Continuous Profiling: Pyroscope, Parca & Flamegraphs

Three years ago, I spent two weeks chasing a latency spike in a Go service that handled about 50,000 requests per minute. Metrics showed CPU at 60%. Distributed traces showed individual requests completing in 50-100ms. Nothing looked alarming. But p99 latency had quietly drifted from 200ms to 800ms over six months, and nobody could explain why.

Eventually, a junior engineer stumbled onto the answer by running pprof manually during a production traffic window. The culprit: a string formatting function inside a log statement, called on every request, constructing a detailed audit log that we were then immediately discarding because the log level was INFO and production was set to WARN. The garbage collector was thrashing. The fix was four lines. The discovery took two weeks.

That is the problem continuous profiling solves. Metrics tell you something is wrong. Traces show you which request was slow. But profiles tell you exactly which line of code is consuming CPU, which object is filling your heap, which goroutine is stuck waiting. Without continuous profiling deployed before the incident, you are flying blind into production performance problems.
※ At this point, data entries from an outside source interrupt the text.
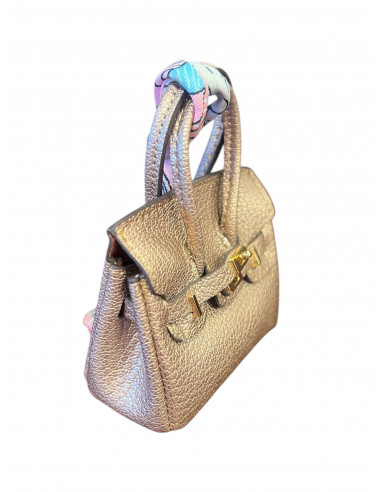 COLLECTION Mini H-Veske 9026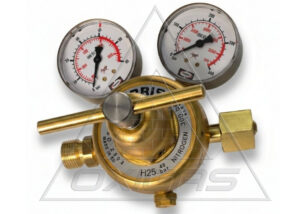 Reguladores Linha Especiais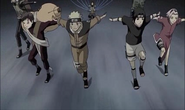 183 Naruto Outbreak (96)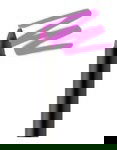 Color : Brazen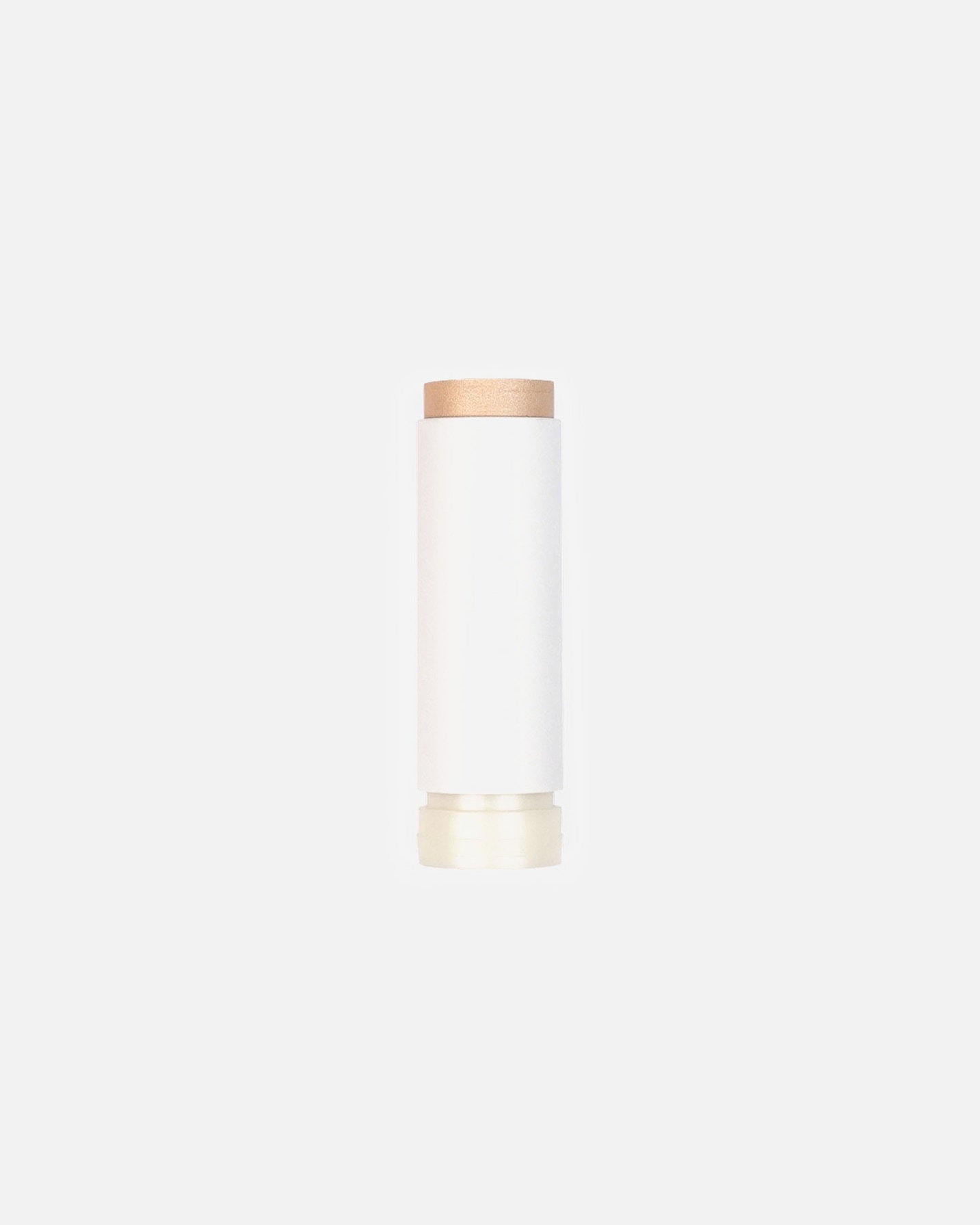 Iluminator pentru Unisex Bamboo Shine-up
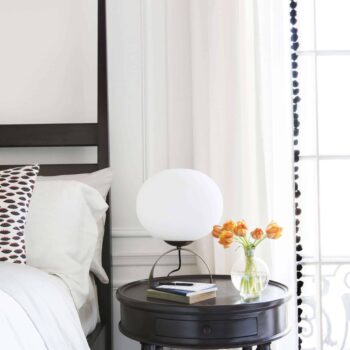 Emily Henderson The Fourth Artist Sothebys Parisian Apartment Pics 30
What Continuous Profiling Actually Is

Traditional profiling means someone runs a profiler against a service, collects data for 30 seconds, analyzes it, then stops. That works fine for development. In production, you cannot run a heavyweight profiler on demand at the moment a problem occurs, because by the time you notice the problem, the conditions that caused it may have already changed.

Continuous profiling means collecting profiling data all the time, at very low overhead, storing it with timestamps, and making it queryable. The key insight is that modern sampling profilers (and eBPF-based profilers) can collect meaningful data at 1-5% CPU overhead. That is an acceptable trade-off for the visibility you gain.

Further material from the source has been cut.